Introduction and Objective : Increased airway smooth muscle (ASM) mass and infiltration by mast cells are key features of airway remodelling in asthma. We tested a hypothesis to investigate the relationship between ASM growth, mast cell mediators and the matrix metalloproteinase MMP-1 activity. Methods : Primary ASM cultures were derived from a healthy subject. ASM cells were cultured for up to 2 days firstly in the presence and then in absence of serum and treated with conditioned media either collected from activated mast cells cultures or inactive/ unstimulated mast cells cultures. Mast cells were grown in suspension and activated using phorbol 12-myristate 13-acetate (PMA) and calcium ionophore (A23187) to release serine proteases such as histamine, beta-tryptase and chymase etc. We also performed western blots to determine MMP-1 activity in the supernatants of ASM cultures. Results ASM cells treated with stimulated mast cells conditioned media showed increased cell proliferation by almost 2 folds after 48 hours of incubation under serum free conditions confirmed by cell counting and MTT assay in comparison with untreated airway smooth muscle cells or ASM cells treated with inactive/ unstimulated mast cells culture media. Furthermore our experiments showed that matrix metalloproteinase (MMP -1) levels and activity was significantly increased in ASM cultures treated with activated mast cells as compared to other two control conditions as mentioned earlier. Conclusion These findings clearly indicate role of mast cell proteases in ASM proliferation and therefore airway remodeling in asthma, a mechanism that perhaps is modulated by MMP-1 activity. We further suggest that the pathway will prove susceptible to pharmacological intervention for treatment of chronic asthma.

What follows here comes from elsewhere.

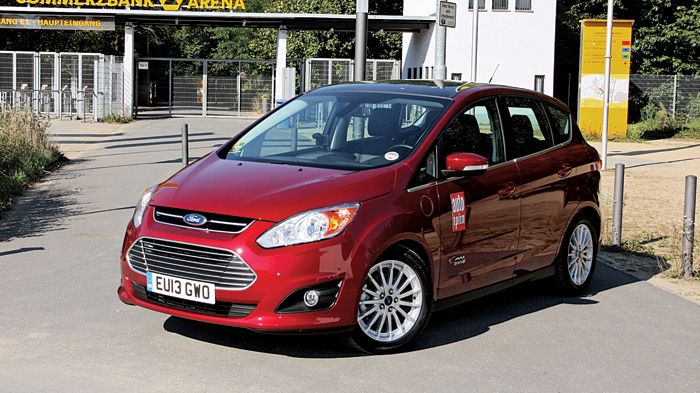 Το υβριδικό Ford C-MAX Energi που φορτίζει από πρίζα, μειώνει την κατανάλωση και τις εκπομπές CO2, ενώ διατηρείται οδηγικά ενδιαφέρον.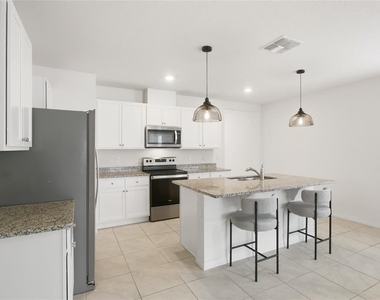 1181 Cascades Avenue - Photo Thumbnail 7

P161 A randomised controlled trial of single combination budesonide/formoterol inhaler as maintenance and reliever therapy in asthma patients at risk of severe exacerbations

Introduction The Single budesonide/formoterol inhaler Maintenance And Reliever Therapy (SMART) regimen reduces severe asthma exacerbations, but it is uncertain whether it increases the risk of adverse effects due to high beta-agonist and corticosteroid doses with both short-term and cumulative exposure. Objectives Our hypothesis was that treatment with the SMART regimen would reduce the risk of beta-agonist overuse but that when such episodes occurred, patients were less likely to seek medical review and, that any reduction in severe exacerbations would be at the cost of a higher systemic corticosteroid burden. Methods This was a 24-week, open-label, parallel group trial in 303 asthma patients with a recent exacerbation, conducted at four primary healthcare practices and one secondary care hospital. Participants were randomised to 200/6µg budesonide/formoterol metered dose inhaler according to the SMART regimen (two actuations twice daily maintenance with one extra actuation as-needed) or a fixed-dose regimen (two actuations twice daily maintenance) with one to two actuations of 100µg salbutamol as-needed (‘Standard’), with electronic monitoring of actual inhaler use. The primary outcome was the proportion of participants with at least one high beta-agonist use episode (>12 budesonide/formoterol actuations/day in SMART or >16 salbutamol actuations/day in Standard). Results There was no significant difference between groups in the proportion of participants with at least one high use episode: SMART 84/151 (56%) vs Standard 68/152 (45%) participants; relative risk (95% CI) 1.24 (0.99–1.56), p = 0.058. There were fewer days of high use [mean (SD) 5.1 days (14.3) vs 8.9 days (20.9), relative rate (RR) (95% CI) 0.58 (0.39–0.88), p = 0.01] and days of high use without medical review [8.5 days (17.8) vs 18.3 days (24.8) per high use patient, RR 0.49 (0.31–0.75), p = 0.001] in the SMART group. The SMART regimen resulted in higher average daily inhaled corticosteroid exposure, but reduced oral corticosteroid exposure, with no difference in composite systemic corticosteroid exposure [ratio of means (95% CI) 1.03 (0.86–1.22), p = 0.76]. SMART participants had fewer severe asthma exacerbations [35 vs 66, RR 0.54 (0.36–0.82), p = 0.004]. Conclusions The SMART regimen has a favourable risk/benefit profile in patients at risk of severe asthma exacerbations.